» Task directions
Only the lines below between the ones containing "Load image into" and "Geschenke Schulkinder Shirt", inclusive, are to be reproduced, each exactly as it stands.

» Dataset
--- START ---

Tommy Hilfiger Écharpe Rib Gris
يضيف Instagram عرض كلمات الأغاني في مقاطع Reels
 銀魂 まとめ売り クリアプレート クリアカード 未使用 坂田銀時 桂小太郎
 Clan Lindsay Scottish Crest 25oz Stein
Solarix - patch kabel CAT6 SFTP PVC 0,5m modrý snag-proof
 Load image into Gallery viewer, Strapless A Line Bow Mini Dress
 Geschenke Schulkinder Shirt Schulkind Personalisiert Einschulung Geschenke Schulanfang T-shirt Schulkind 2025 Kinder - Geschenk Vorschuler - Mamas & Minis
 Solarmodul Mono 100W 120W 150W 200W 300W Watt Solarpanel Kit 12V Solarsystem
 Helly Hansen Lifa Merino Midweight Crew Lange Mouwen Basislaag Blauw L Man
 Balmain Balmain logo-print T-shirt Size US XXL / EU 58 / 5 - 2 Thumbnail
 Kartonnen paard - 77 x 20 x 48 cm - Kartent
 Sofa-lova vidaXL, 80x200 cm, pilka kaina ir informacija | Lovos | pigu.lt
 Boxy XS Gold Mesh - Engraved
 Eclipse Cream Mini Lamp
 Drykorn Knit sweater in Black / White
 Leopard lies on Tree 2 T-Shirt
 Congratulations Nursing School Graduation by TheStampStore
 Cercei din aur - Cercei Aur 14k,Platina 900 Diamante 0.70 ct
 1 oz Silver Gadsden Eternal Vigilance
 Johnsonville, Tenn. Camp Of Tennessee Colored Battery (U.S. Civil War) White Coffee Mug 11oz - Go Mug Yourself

--- END ---

» Response below
 Load image into Gallery viewer, Strapless A Line Bow Mini Dress
 Geschenke Schulkinder Shirt Schulkind Personalisiert Einschulung Geschenke Schulanfang T-shirt Schulkind 2025 Kinder - Geschenk Vorschuler - Mamas & Minis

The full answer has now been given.